Witness: Intentional, Unintentional, and Normative

All of us live in the Global Technological System (GTS). In this GTS, Olympianity is the most important religion. The GTS itself is the fullest embodiment yet of the will of the Olympian gods and of our devotion to them. Worse, the more powerful the GTS grows, the more inescapably Olympian it makes our societies, cultures, and personalities. Even as Christians and churches, we are increasingly expressing our devotion to these Olympian gods without even realizing it.

A witness is a person who tells other people about what they have heard and seen. Even though we all live in the GTS, Jesus still invites every person, each day, to witness to what they hear him saying and see him doing. Sometimes we do.

At the same time, Jesus differs from the six gods of Olympianity. We might call him the one odd god of truth, freedom, love, and vitality. When we witness to his words and actions, this makes us odd too. We can use different adjectives to qualify our witness to Jesus as the one odd god. Previously we have called witnesses to Jesus unconventional, marginal, mischievous, and radiant. We might also refer to them as intentional, unintentional, and normative.
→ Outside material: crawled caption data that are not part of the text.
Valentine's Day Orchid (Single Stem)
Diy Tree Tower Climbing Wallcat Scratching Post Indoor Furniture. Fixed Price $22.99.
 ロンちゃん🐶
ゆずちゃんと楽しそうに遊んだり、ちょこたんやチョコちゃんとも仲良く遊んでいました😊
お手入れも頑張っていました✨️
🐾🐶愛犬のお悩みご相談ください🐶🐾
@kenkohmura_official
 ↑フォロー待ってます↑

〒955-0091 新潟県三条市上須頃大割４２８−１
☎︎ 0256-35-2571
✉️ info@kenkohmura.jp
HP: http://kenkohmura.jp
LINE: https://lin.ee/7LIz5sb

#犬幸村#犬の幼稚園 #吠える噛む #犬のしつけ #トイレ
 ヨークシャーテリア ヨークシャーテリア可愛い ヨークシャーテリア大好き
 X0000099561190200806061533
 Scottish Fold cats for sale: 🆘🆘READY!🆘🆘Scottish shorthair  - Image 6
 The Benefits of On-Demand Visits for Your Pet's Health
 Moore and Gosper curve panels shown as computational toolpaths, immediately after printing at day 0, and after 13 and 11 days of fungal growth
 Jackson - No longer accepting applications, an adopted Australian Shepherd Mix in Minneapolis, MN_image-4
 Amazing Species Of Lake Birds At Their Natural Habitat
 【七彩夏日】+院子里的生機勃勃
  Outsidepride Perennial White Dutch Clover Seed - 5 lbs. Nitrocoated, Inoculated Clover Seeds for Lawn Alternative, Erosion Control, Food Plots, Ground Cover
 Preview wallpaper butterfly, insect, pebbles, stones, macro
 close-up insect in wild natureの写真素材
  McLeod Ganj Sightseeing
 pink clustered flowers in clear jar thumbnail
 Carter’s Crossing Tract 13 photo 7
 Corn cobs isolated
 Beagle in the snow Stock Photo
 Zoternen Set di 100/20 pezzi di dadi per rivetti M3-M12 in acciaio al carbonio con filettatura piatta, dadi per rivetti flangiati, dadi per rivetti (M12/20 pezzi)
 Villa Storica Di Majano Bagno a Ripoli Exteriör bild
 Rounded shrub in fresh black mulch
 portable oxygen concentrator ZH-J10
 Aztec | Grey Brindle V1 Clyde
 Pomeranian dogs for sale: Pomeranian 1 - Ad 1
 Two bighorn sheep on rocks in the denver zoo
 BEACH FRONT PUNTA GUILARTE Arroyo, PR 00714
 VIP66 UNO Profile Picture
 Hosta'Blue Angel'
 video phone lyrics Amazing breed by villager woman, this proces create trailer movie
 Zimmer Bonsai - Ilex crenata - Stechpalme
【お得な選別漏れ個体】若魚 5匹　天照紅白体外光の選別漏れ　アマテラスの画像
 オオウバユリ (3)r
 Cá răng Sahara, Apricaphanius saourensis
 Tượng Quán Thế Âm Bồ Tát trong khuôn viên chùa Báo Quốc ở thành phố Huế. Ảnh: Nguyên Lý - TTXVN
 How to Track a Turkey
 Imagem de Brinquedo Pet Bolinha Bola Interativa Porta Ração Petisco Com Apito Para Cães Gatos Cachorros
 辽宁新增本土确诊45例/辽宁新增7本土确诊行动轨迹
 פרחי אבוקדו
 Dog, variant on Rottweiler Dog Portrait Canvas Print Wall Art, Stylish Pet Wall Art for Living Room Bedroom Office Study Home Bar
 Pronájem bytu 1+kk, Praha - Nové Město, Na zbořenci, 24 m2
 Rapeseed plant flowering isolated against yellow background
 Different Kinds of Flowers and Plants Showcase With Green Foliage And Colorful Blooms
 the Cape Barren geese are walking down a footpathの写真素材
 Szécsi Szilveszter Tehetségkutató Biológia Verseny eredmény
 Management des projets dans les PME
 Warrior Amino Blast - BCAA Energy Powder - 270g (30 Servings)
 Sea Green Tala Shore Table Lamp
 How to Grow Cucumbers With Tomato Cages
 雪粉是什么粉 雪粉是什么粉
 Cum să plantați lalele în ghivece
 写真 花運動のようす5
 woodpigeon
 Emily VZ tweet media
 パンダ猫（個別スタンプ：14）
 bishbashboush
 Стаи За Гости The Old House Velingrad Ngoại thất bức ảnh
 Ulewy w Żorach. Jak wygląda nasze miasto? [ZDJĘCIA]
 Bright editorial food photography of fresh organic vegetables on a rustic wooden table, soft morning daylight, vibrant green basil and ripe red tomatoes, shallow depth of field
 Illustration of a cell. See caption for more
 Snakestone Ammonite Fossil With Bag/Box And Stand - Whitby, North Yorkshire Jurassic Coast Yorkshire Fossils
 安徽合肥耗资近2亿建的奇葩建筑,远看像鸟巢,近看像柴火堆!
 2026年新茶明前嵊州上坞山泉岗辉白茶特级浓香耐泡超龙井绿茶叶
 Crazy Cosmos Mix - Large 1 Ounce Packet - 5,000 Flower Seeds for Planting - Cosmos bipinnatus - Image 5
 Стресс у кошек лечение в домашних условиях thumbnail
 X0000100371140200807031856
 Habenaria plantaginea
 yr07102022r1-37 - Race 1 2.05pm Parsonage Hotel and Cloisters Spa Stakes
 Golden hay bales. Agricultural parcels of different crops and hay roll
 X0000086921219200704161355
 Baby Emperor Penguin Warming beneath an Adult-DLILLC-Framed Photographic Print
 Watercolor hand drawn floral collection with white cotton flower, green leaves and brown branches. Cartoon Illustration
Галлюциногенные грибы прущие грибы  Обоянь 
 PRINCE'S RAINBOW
To be a witness to Jesus of any kind, at any time, requires the grace of God. Grace is God’s unmerited love. It is a gift. It is given to us despite the truth that none of us deserve it ever.

Again, to be a witness of any kind to Jesus, God must first share his unmerited love with us in two ways. Jesus must freely speak his liberating word in love to us today. Then the Holy Spirit must freely enable us to discern, and affirm, these liberating and loving words of Jesus. Without these expressions of God’s love, none of us can be a witness to Jesus. With these expressions of God’s love, anyone can be.

Jesus does not limit his liberating and loving words to people who call themselves Christian. He speaks to every person because he loves every person. Some people, by his grace, discern and affirm his words and call themselves Christians. We may regard them as intentional witnesses to Jesus.

Other people, by his grace, respond to his words but do not call themselves Christians. They call themselves Jews, Muslims, or even Olympians. Even so, when they speak or act in ways that witness to the truth, freedom, love, and vitality of the one odd god, then they too are witnesses to Jesus. We might call them unintentional witnesses.

To know whether we are witnessing to our unconventional Jesus or to the always conventional gods of Olympianity, we need some kind of standard against which to measure ourselves. For that Jesus gives us the Bible. Jesus delights to use, even today, the words of the Bible to serve as our normative witness to him. Even today he takes the words of the Bible, more than any other words, and speaks through them to us to provide us with the clearest possible sense of whether we also are witnessing to him or not.

It is not what we call ourselves. It is not how others see us. We live as witnesses to Jesus whenever, but only, at those times when we share his truth, freedom, love, and vitality with others. But whenever we do that, we do that solely by his grace. And for that we may be truly grateful.